GANs were introduced in a 2014 paper by researchers at the University of Montreal. Facebook AI expert Yann LeCun, referring to GANs, called adversarial training “the most interesting idea in ML in the past 10 years.”
The potential of GANs is enormous, as the networks learn to mimic the distribution of any data. GANs can be taught to create parallel worlds in any domain that are strikingly similar to our own: images, music, speech, prose. They are, in a sense, robotic artists, and their output is quite impressive.
In a GAN, one neural network, called the generator, generates new data instances, while another, called the discriminator, evaluates their authenticity.
Let’s say we’re trying to generate handwritten digits like those in the MNIST dataset, which comes from the real world. The discriminator’s job is to identify them as real when presented with examples from the real MNIST dataset.
Now consider the following steps of a GAN.
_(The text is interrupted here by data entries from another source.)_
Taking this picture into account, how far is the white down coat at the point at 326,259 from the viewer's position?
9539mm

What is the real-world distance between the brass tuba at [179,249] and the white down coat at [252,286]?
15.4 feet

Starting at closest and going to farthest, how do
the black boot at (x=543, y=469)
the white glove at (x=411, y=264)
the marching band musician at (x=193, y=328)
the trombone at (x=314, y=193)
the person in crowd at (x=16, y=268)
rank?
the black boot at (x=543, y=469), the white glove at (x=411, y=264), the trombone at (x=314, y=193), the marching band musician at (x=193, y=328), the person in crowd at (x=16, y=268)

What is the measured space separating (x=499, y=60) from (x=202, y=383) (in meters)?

- The generator network takes input in the form of random numbers and returns an image.
-
This generated image is fed as input to the discriminator network, along with a stream of images from the real dataset.
-
The discriminator takes real and fake images and returns a probability, a number between 0 and 1, with 1 representing a realistic prediction and 0 representing a fake.
-
This creates a double feedback loop −
- The discriminator feeds back into the ground truth about the image.
-
The generator and the discriminator are in a feedback loop.
Recurrent Neural Networks – RNNs
RNNs are neural networks in which data can flow in either direction. These networks are used in applications such as language modeling and natural language processing (NLP).
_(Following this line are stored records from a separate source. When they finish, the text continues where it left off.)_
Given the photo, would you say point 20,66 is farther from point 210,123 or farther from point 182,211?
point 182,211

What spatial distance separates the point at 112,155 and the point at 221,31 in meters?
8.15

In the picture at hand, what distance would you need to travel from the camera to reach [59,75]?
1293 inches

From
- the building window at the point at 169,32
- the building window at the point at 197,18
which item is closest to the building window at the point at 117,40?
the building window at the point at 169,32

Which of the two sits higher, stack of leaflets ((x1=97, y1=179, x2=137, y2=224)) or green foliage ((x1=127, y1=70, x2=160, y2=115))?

The basic concept of RNNs is to exploit sequential information. In a normal neural network, all inputs and outputs are assumed to be independent of each other. If we want to predict the next word in a sentence, we must know the previous words.
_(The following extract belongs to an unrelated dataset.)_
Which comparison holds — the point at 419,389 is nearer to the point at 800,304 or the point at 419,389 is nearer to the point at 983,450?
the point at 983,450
RNNs are called recurrent because they repeat the same task for each element in the sequence, and the output is based on previous computations. Therefore, RNNs can be said to have a “memory” that captures information about previous computations. In theory, RNNs can use information from very long sequences, but in reality, they can only look back a few steps.
Long Short-Term Memory (LSTM) networks are the most commonly used RNNs.
Along with convolutional neural networks, RNNs have been used as part of models to generate descriptions for unlabeled images. This seems to be quite impressive.
Convolutional Deep Neural Networks – CNNs
Increasing the number of layers in a neural network, making it deeper, increases its complexity and allows us to model more complex functions. However, the number of weights and biases increases exponentially. In fact, learning such difficult problems may become impossible for normal neural networks. This led to a solution: convolutional neural networks.
CNNs are widely used in computer vision and are also applied to acoustic modeling for automatic speech recognition.
The idea behind convolutional neural networks is to pass a “moving filter” through an image. This moving filter, or convolution, is applied to a certain neighborhood of a node—perhaps a pixel, for example—where the applied filter is 0.5x the node’s value.
Famous researcher Yann LeCun pioneered convolutional neural networks. Facebook uses these networks for its facial recognition software. CNNs have long been the go-to solution for machine vision projects. Convolutional networks have many layers. In the 2015 Imagenet Challenge, a machine was able to beat humans at object recognition.
In short, a convolutional neural network (CNN) is a multi-layered neural network. These layers can sometimes number as many as 17 or more, and the input data is assumed to be images.
CNNs significantly reduce the number of parameters that need to be tuned. Therefore, CNNs effectively handle the high dimensionality of the original image.